He attended its schools and is raising his family in this place of suburban
homes and apartment buildings on the outskirts of a struggling Midwest city. And
over time, he has felt his life to be circumscribed by Ferguson’s demographics.
Mr. Moore, who is black, talks of how he has felt the wrath of the police here
and in surrounding suburbs for years — roughed up during a minor traffic stop
and prevented from entering a park when he was wearing St. Louis Cardinals red.
And last week, as he stood at a vigil for an unarmed 18-year-old shot dead by
the police — a shooting that provoked renewed street violence and looting early
Saturday — Mr.

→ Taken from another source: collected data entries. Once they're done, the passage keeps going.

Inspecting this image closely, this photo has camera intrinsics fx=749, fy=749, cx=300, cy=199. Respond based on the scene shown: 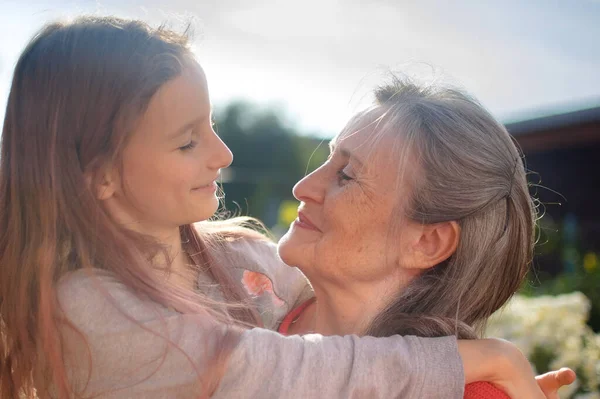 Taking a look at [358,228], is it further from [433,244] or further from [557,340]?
[557,340]

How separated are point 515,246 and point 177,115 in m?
1.12

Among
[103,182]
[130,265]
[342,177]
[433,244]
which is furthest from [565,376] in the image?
[103,182]

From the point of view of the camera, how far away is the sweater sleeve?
6.16ft

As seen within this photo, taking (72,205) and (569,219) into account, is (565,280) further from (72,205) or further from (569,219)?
(72,205)

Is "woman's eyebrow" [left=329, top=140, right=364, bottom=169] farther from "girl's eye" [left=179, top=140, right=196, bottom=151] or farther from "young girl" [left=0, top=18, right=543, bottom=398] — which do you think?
"girl's eye" [left=179, top=140, right=196, bottom=151]

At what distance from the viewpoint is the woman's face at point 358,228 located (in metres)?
2.33

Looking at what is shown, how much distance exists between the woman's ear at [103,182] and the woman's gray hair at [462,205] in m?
0.83

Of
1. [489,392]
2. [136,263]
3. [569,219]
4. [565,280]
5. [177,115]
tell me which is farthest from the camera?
[569,219]

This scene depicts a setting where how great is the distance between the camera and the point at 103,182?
231cm

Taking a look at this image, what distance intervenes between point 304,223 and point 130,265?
2.00 feet

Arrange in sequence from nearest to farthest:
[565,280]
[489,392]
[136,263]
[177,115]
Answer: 1. [489,392]
2. [136,263]
3. [177,115]
4. [565,280]

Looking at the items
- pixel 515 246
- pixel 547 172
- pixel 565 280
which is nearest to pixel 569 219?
pixel 547 172

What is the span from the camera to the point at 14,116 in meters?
2.30

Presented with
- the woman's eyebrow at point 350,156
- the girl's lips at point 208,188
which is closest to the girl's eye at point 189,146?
the girl's lips at point 208,188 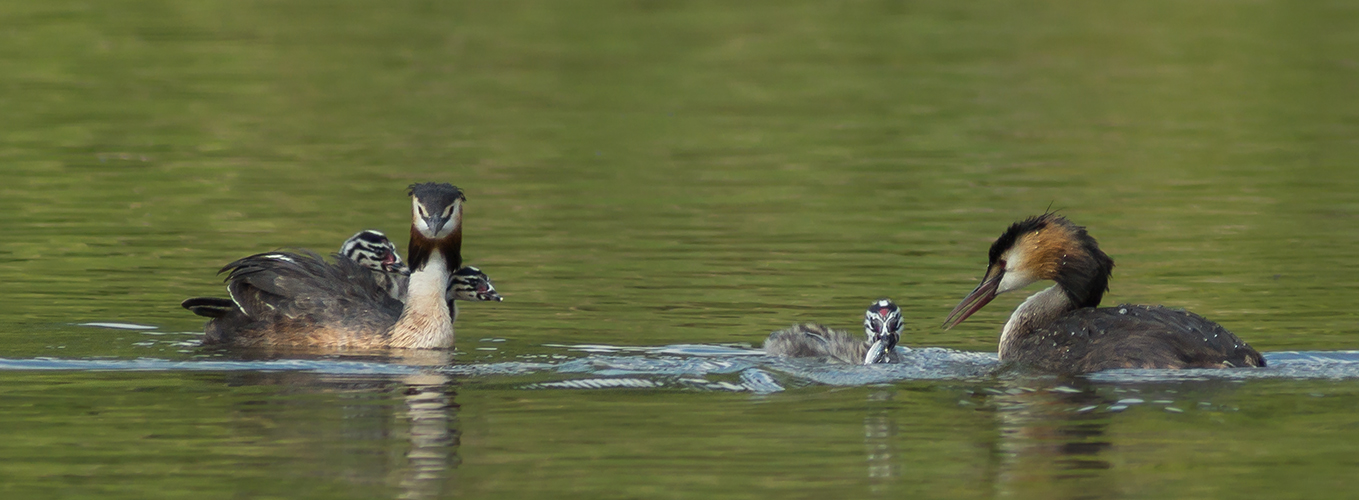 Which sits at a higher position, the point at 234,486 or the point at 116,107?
the point at 116,107

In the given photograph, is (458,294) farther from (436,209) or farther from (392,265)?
(392,265)

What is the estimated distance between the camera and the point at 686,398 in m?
11.2

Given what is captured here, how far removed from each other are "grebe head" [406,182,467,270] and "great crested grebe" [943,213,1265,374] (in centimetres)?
316

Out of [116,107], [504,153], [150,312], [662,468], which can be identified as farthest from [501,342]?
[116,107]

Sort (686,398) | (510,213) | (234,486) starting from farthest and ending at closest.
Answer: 1. (510,213)
2. (686,398)
3. (234,486)

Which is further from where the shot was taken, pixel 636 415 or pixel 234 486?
pixel 636 415

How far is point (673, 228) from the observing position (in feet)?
57.4

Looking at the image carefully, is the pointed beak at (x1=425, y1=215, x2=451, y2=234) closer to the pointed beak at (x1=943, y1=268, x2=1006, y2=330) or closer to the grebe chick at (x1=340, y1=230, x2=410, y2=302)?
the grebe chick at (x1=340, y1=230, x2=410, y2=302)

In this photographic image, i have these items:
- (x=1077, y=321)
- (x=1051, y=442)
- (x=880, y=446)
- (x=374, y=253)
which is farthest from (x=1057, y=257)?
(x=374, y=253)

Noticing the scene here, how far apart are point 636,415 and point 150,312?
4.65 meters

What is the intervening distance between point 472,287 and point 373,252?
126cm

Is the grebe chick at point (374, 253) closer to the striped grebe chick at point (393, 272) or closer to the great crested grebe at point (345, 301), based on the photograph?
the striped grebe chick at point (393, 272)

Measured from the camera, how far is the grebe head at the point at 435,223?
13.3 m

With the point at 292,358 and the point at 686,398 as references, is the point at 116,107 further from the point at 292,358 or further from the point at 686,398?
the point at 686,398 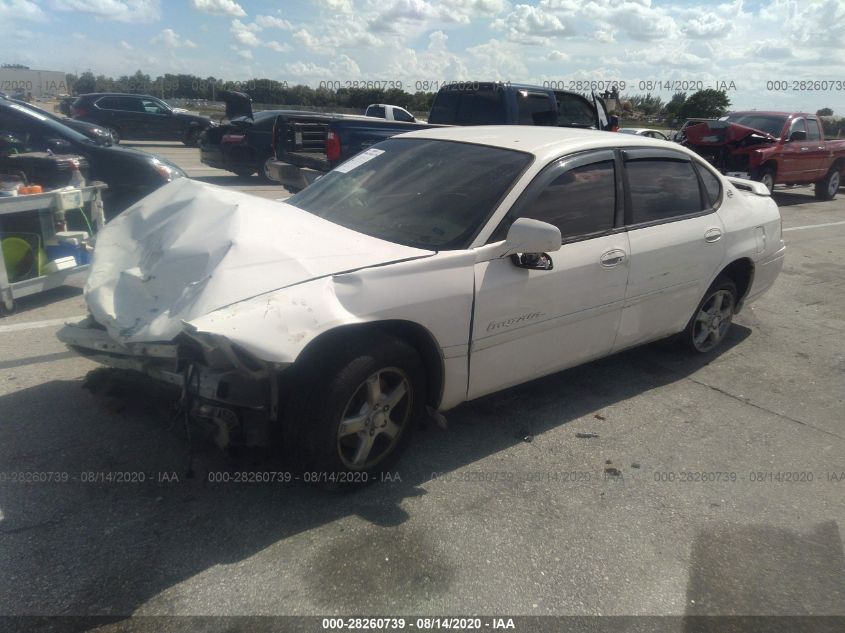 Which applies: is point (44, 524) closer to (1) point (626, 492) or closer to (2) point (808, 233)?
(1) point (626, 492)

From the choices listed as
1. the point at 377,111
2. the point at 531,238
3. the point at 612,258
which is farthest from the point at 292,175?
the point at 377,111

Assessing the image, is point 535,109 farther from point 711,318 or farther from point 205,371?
point 205,371

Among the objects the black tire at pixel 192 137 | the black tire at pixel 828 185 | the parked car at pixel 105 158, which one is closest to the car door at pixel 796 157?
the black tire at pixel 828 185

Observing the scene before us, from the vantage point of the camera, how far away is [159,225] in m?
3.57

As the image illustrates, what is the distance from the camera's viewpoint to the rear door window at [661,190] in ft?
13.8

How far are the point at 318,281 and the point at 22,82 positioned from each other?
4049 cm

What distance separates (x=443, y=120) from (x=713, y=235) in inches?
287

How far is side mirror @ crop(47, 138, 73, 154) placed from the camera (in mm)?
6836

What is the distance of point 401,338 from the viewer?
10.4ft

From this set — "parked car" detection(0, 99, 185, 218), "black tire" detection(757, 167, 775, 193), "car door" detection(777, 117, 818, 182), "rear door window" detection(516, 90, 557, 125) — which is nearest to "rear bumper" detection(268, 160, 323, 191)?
"parked car" detection(0, 99, 185, 218)

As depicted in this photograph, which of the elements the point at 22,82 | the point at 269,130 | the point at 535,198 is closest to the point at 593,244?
the point at 535,198

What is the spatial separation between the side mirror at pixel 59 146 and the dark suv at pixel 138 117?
15036 mm

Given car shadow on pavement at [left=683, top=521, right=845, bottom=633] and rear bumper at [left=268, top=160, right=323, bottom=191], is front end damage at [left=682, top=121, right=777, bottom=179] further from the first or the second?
car shadow on pavement at [left=683, top=521, right=845, bottom=633]

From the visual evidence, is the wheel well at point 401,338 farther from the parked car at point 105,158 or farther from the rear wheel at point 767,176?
the rear wheel at point 767,176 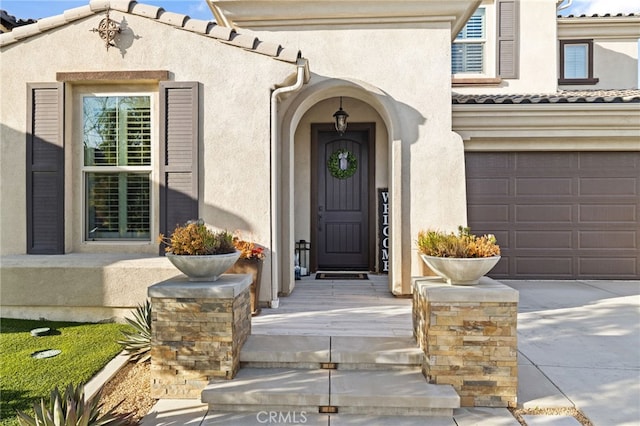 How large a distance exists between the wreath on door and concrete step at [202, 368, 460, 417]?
4.67 m

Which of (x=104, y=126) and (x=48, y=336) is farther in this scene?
(x=104, y=126)

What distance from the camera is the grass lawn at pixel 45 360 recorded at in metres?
3.07

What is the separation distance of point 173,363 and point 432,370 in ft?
6.91

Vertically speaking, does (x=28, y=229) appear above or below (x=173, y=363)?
above

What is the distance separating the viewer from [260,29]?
5840 millimetres

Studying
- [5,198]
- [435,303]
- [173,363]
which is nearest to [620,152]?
[435,303]

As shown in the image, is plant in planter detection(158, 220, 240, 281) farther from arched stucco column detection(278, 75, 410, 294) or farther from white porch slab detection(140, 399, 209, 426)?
arched stucco column detection(278, 75, 410, 294)

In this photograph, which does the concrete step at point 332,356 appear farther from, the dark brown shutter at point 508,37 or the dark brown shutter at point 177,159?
the dark brown shutter at point 508,37

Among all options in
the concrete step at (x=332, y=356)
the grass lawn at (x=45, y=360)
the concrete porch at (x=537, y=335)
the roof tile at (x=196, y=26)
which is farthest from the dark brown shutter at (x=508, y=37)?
the grass lawn at (x=45, y=360)

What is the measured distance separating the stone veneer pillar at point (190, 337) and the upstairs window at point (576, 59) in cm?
1062

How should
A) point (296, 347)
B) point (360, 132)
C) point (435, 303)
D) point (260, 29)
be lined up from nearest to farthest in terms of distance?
point (435, 303) → point (296, 347) → point (260, 29) → point (360, 132)

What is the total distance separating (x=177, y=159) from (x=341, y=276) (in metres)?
3.44

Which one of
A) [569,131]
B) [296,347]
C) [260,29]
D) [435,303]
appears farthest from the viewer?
[569,131]

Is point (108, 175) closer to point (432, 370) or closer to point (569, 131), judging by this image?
point (432, 370) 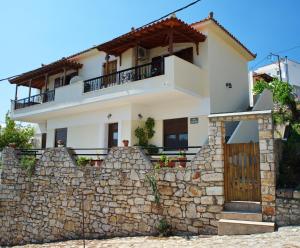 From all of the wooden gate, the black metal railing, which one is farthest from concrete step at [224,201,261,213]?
the black metal railing

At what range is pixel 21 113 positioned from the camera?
752 inches

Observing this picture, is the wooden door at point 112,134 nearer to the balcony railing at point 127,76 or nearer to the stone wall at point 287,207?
the balcony railing at point 127,76

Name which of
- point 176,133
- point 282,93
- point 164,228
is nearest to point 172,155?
point 176,133

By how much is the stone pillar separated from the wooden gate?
0.21m

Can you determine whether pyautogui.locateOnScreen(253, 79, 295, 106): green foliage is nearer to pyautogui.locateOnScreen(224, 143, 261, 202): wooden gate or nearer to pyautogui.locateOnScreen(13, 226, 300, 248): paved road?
pyautogui.locateOnScreen(224, 143, 261, 202): wooden gate

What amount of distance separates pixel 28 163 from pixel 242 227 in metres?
9.53

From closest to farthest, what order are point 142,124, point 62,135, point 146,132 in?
point 146,132 < point 142,124 < point 62,135

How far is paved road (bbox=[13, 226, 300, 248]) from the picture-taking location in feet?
20.9

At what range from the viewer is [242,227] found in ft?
24.2

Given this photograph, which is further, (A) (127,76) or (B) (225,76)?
(B) (225,76)

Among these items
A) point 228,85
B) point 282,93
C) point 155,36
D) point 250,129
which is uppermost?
point 155,36

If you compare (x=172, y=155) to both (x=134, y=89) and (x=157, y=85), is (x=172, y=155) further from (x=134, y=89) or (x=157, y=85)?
(x=134, y=89)

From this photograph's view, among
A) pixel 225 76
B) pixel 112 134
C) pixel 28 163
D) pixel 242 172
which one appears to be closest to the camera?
pixel 242 172

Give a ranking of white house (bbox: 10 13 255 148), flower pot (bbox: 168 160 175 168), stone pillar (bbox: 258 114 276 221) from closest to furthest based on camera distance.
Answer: stone pillar (bbox: 258 114 276 221) < flower pot (bbox: 168 160 175 168) < white house (bbox: 10 13 255 148) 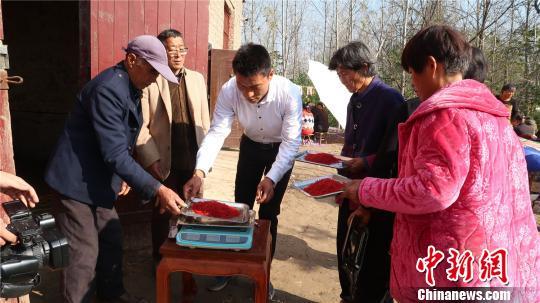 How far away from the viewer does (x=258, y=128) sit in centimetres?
291

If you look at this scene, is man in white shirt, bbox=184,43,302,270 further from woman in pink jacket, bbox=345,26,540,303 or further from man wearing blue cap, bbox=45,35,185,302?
woman in pink jacket, bbox=345,26,540,303

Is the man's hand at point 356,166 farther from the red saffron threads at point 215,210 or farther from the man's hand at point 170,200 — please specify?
the man's hand at point 170,200

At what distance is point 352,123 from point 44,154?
7.24m

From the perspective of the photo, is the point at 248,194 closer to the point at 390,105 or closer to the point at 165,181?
the point at 165,181

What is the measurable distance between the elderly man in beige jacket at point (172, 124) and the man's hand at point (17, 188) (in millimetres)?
1128

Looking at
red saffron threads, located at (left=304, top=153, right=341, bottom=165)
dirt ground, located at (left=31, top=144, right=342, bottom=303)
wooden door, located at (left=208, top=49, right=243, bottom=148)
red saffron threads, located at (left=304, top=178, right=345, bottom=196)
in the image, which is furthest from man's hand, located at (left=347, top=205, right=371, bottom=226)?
wooden door, located at (left=208, top=49, right=243, bottom=148)

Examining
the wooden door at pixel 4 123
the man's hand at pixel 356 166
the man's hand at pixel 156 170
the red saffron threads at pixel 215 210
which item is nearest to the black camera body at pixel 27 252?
the red saffron threads at pixel 215 210

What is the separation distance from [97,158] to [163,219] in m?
1.03

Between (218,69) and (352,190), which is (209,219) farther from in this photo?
(218,69)

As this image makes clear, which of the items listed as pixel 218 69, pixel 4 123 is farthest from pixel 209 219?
pixel 218 69

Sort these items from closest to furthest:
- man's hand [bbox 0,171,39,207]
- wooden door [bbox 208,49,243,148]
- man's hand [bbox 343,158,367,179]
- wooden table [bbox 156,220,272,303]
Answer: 1. man's hand [bbox 0,171,39,207]
2. wooden table [bbox 156,220,272,303]
3. man's hand [bbox 343,158,367,179]
4. wooden door [bbox 208,49,243,148]

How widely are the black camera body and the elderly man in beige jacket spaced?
1355mm

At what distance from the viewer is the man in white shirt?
2.54m

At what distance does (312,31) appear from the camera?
34.1m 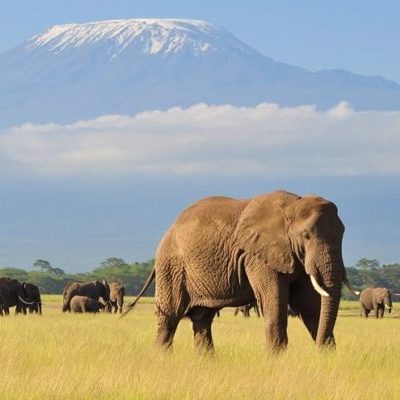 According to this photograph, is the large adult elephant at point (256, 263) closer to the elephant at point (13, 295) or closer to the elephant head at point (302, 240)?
the elephant head at point (302, 240)

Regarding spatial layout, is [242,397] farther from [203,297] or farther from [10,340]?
[10,340]

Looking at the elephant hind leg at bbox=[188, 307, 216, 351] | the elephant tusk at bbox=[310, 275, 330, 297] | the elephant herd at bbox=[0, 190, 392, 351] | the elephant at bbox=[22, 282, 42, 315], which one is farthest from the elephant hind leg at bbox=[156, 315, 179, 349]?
the elephant at bbox=[22, 282, 42, 315]

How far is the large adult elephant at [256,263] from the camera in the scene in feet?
49.2

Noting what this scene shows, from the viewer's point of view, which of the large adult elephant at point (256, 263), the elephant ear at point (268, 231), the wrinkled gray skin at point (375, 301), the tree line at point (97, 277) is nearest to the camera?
the large adult elephant at point (256, 263)

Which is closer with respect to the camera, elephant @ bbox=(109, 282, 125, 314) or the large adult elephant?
the large adult elephant

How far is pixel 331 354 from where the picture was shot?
14.3 meters

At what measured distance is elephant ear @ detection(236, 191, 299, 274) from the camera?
15.7 metres

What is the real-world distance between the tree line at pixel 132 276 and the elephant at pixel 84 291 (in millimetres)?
57067

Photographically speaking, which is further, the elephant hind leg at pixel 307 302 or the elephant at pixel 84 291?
the elephant at pixel 84 291

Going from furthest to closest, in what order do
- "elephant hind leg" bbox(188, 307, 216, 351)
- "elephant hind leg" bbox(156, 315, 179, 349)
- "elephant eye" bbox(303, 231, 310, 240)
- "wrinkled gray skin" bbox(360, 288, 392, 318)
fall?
1. "wrinkled gray skin" bbox(360, 288, 392, 318)
2. "elephant hind leg" bbox(156, 315, 179, 349)
3. "elephant hind leg" bbox(188, 307, 216, 351)
4. "elephant eye" bbox(303, 231, 310, 240)

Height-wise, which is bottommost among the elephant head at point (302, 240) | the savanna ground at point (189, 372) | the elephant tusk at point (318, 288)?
the savanna ground at point (189, 372)

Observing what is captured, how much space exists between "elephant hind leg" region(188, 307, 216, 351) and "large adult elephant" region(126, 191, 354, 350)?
14 mm

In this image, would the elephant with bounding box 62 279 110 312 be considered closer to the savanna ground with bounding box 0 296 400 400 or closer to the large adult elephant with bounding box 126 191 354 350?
the savanna ground with bounding box 0 296 400 400

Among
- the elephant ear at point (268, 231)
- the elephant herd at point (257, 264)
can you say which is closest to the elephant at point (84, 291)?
the elephant herd at point (257, 264) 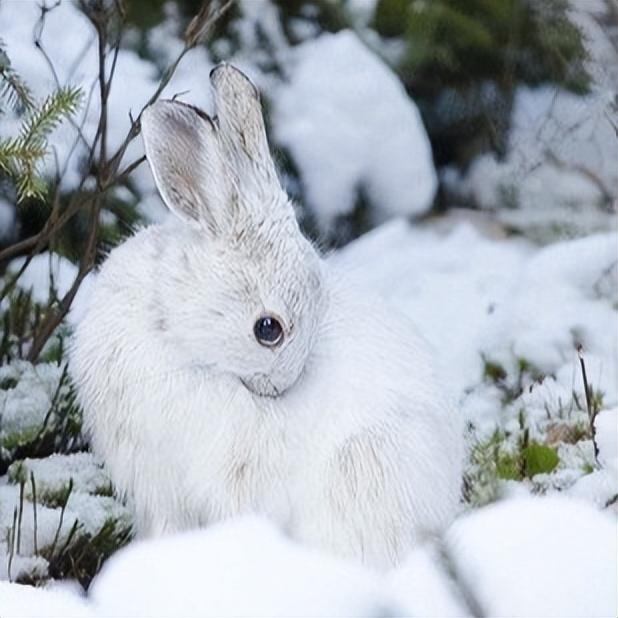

Moore heard anger welling and listened to a shout of: “We’re
tired of the racist police department.”
“It broke the camel’s back,” Mr. Moore said of the killing of the teenager,
Michael Brown. Referring to the northern part of St. Louis County, he continued,
“The people in North County — not just African-Americans, some of the white
people, too — they are tired of the police harassment.”
The origins of the area’s complex social and racial history date to the 19th
century when the city of St. Louis and St. Louis County went their separate
ways, leading to the formation of dozens of smaller communities outside St.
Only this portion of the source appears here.